WHAT TO DO:
Would you print the records below from the first line through the line containing "Here I'm going", skipping the pictures?

Saved data entries:
----

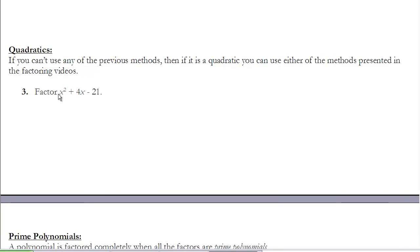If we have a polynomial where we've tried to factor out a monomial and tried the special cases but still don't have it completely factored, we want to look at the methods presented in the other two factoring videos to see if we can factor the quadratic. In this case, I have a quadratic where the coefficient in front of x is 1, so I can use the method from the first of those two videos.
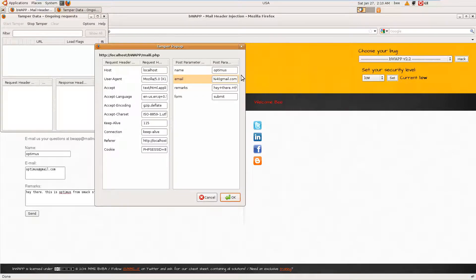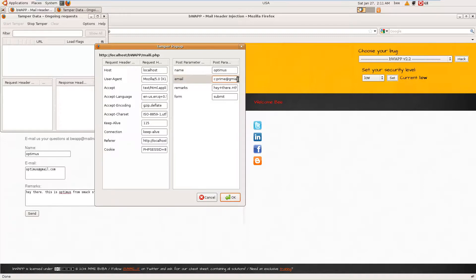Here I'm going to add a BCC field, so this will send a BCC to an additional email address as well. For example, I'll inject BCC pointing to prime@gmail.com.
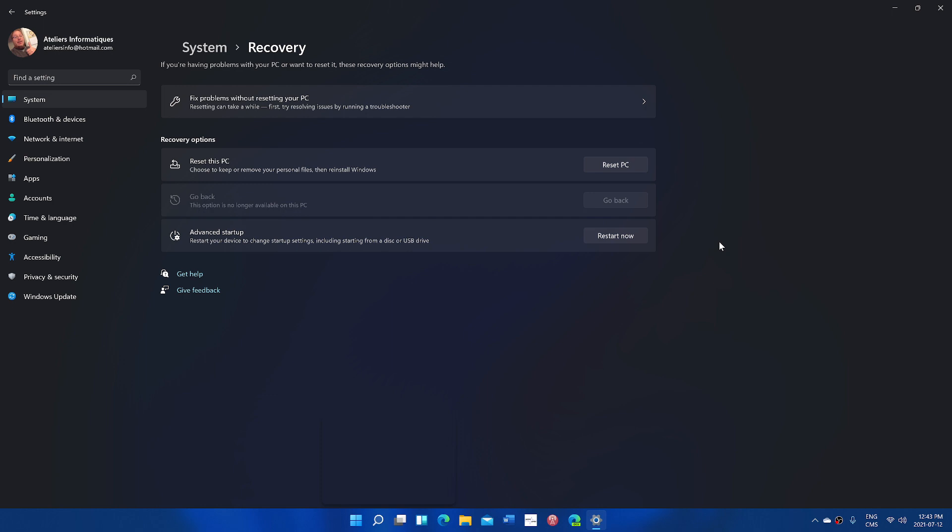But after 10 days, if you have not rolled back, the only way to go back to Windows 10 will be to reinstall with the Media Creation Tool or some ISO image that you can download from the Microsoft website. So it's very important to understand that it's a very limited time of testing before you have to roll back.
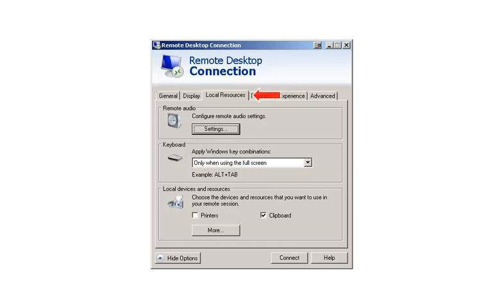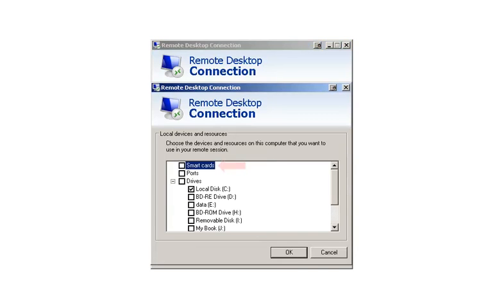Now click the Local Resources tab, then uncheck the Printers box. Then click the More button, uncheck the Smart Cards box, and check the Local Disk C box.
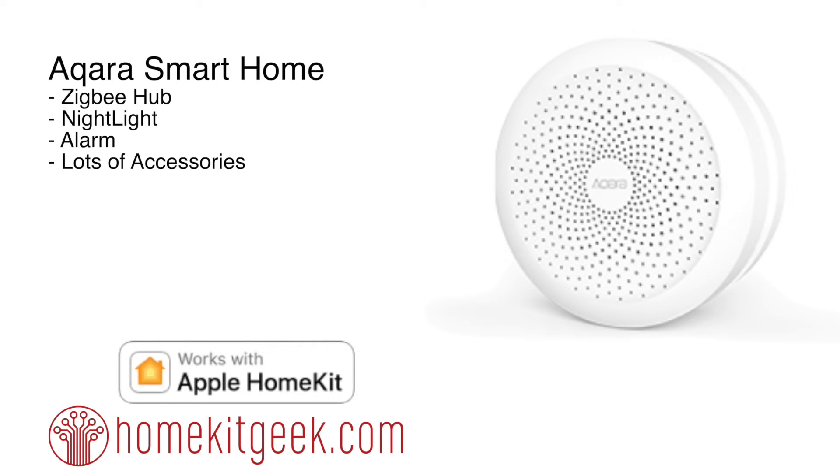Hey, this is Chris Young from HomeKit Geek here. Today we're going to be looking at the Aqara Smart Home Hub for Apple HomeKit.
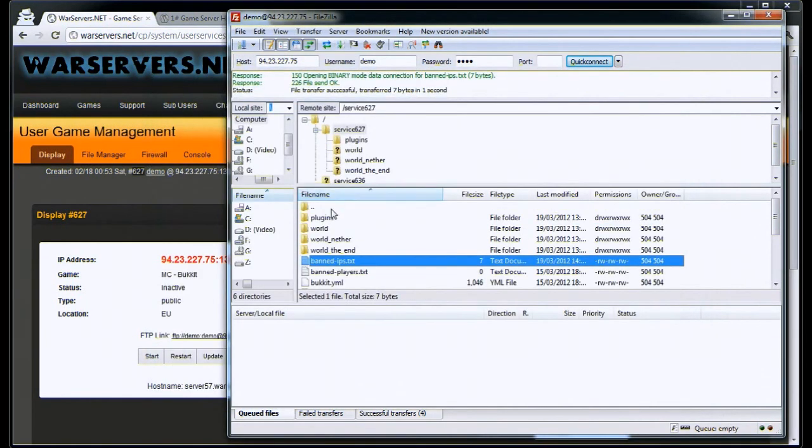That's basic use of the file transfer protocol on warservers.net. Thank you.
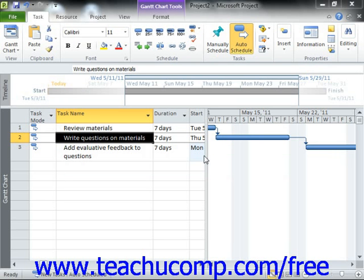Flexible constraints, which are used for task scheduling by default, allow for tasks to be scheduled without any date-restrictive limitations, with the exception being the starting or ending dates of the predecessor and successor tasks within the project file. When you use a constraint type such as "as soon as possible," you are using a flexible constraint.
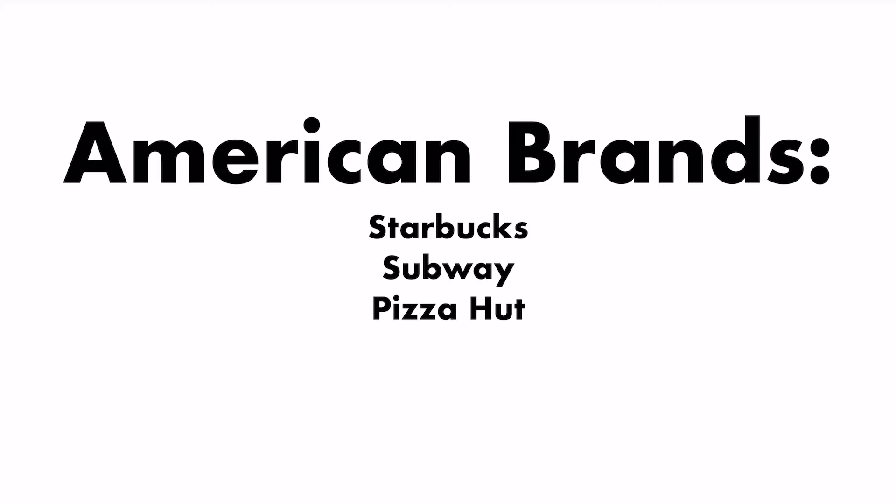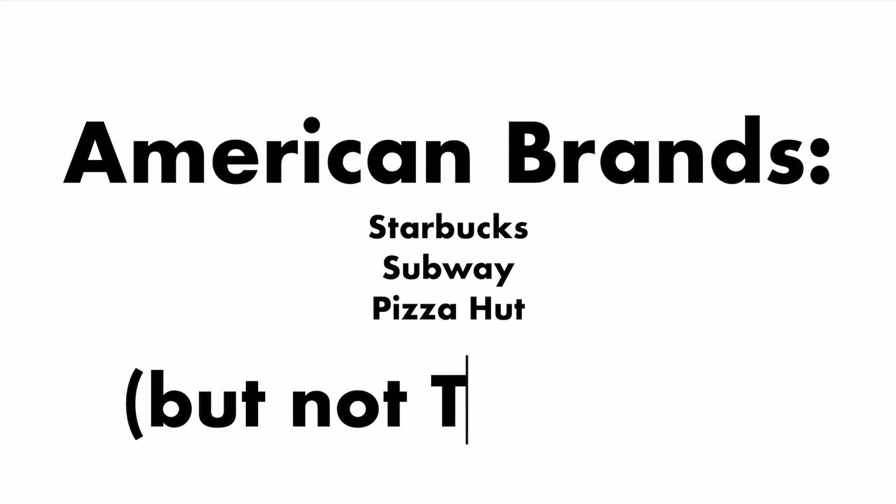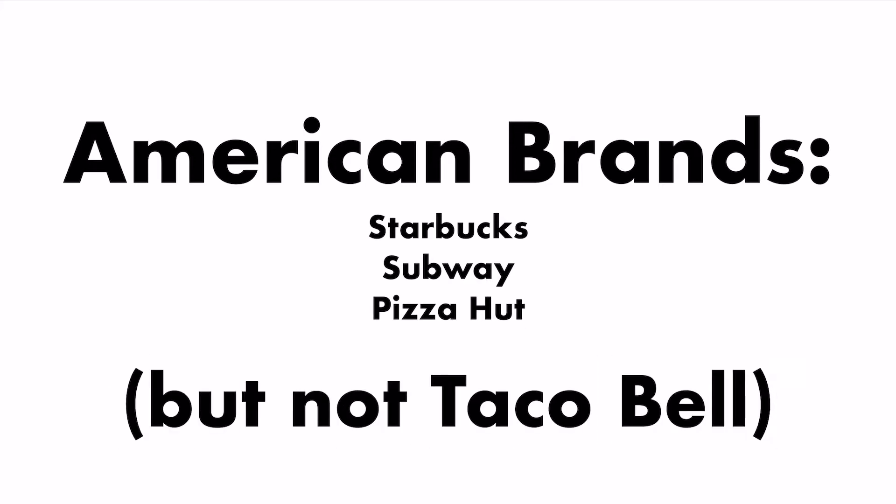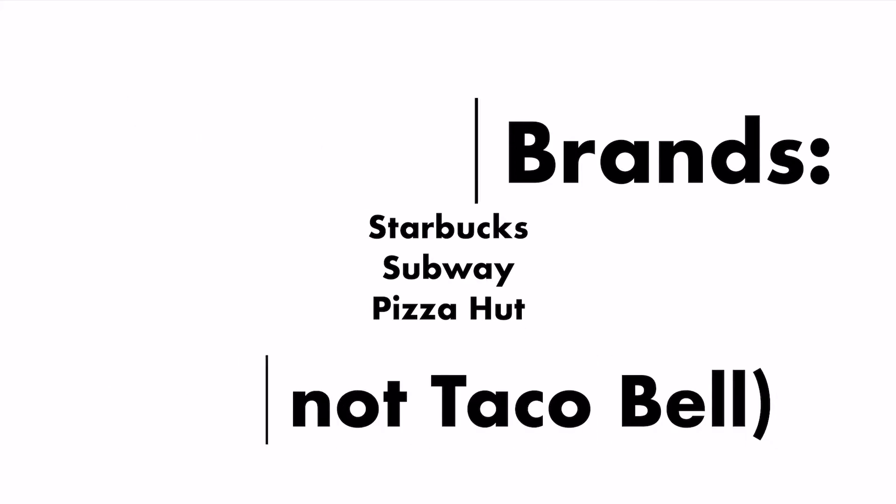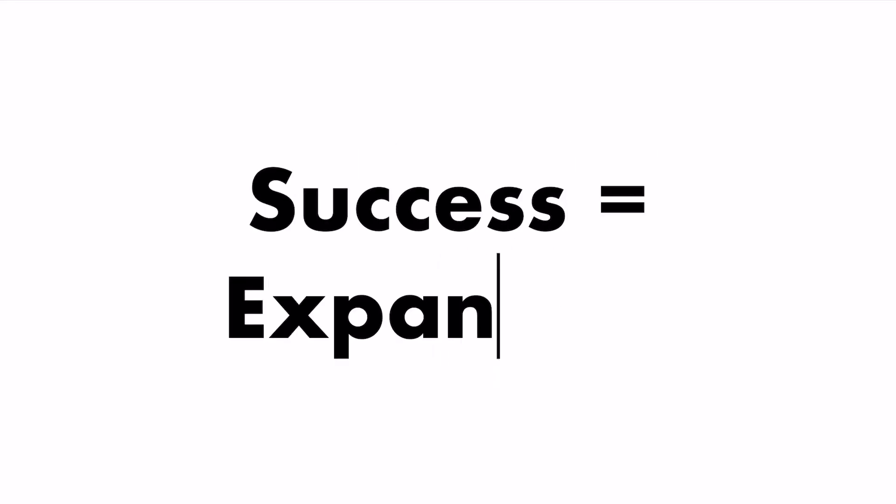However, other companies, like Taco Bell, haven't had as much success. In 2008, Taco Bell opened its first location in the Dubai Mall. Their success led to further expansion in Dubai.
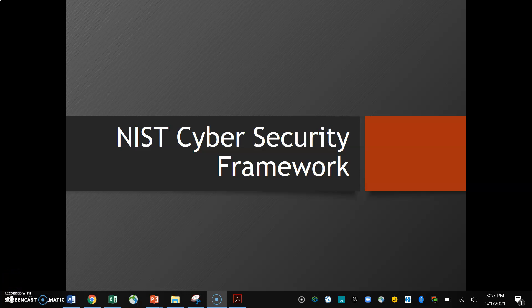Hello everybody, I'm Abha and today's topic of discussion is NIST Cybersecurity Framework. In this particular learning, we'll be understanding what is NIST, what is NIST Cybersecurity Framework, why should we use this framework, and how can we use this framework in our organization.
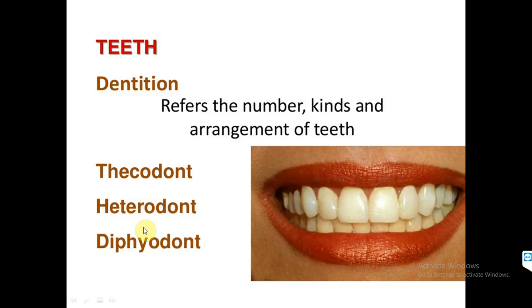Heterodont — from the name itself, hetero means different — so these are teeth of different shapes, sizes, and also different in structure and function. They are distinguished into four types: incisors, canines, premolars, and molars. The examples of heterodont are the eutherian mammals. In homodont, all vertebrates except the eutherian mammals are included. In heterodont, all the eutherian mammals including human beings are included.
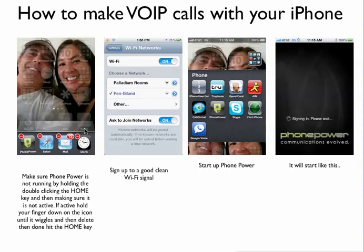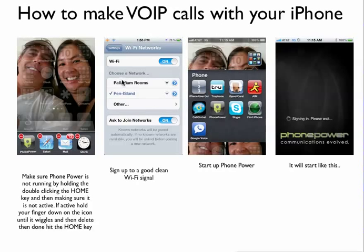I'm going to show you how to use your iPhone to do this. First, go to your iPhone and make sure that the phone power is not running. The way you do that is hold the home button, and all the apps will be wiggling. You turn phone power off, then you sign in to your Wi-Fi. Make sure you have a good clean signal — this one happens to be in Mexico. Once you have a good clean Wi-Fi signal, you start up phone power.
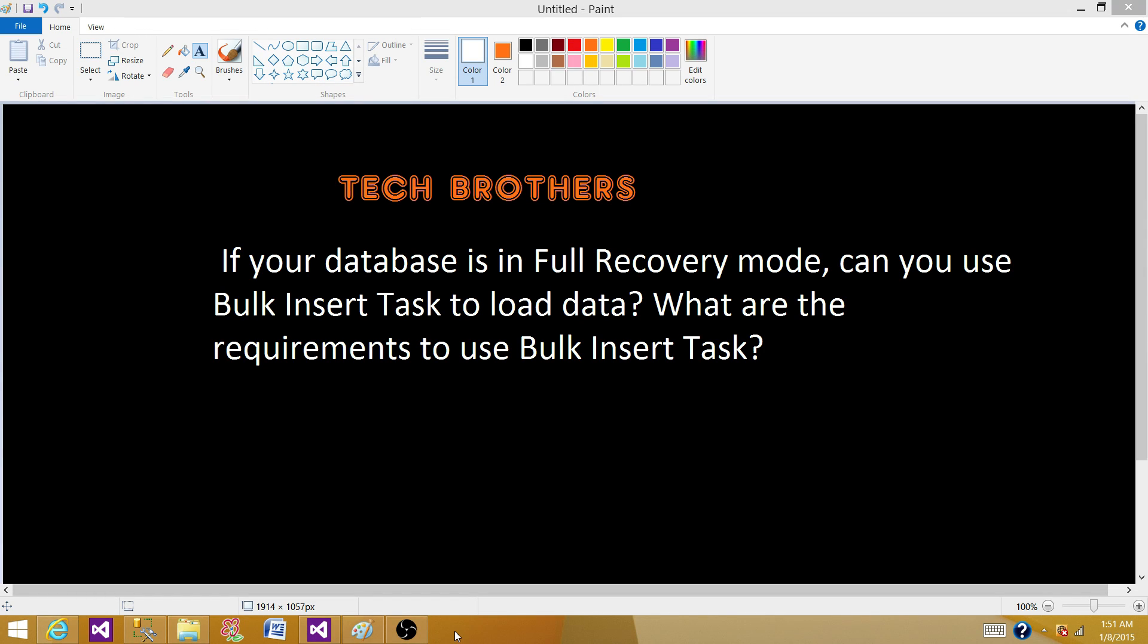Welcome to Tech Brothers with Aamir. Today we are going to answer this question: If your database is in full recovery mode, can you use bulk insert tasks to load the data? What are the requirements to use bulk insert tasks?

----

ANSWER FOR THIS EXERCISE:
If we have a polynomial where we've tried to factor out a monomial and tried the special cases but still don't have it completely factored, we want to look at the methods presented in the other two factoring videos to see if we can factor the quadratic. In this case, I have a quadratic where the coefficient in front of x is 1, so I can use the method from the first of those two videos.
Here I'm going to add a BCC field, so this will send a BCC to an additional email address as well. For example, I'll inject BCC pointing to prime@gmail.com.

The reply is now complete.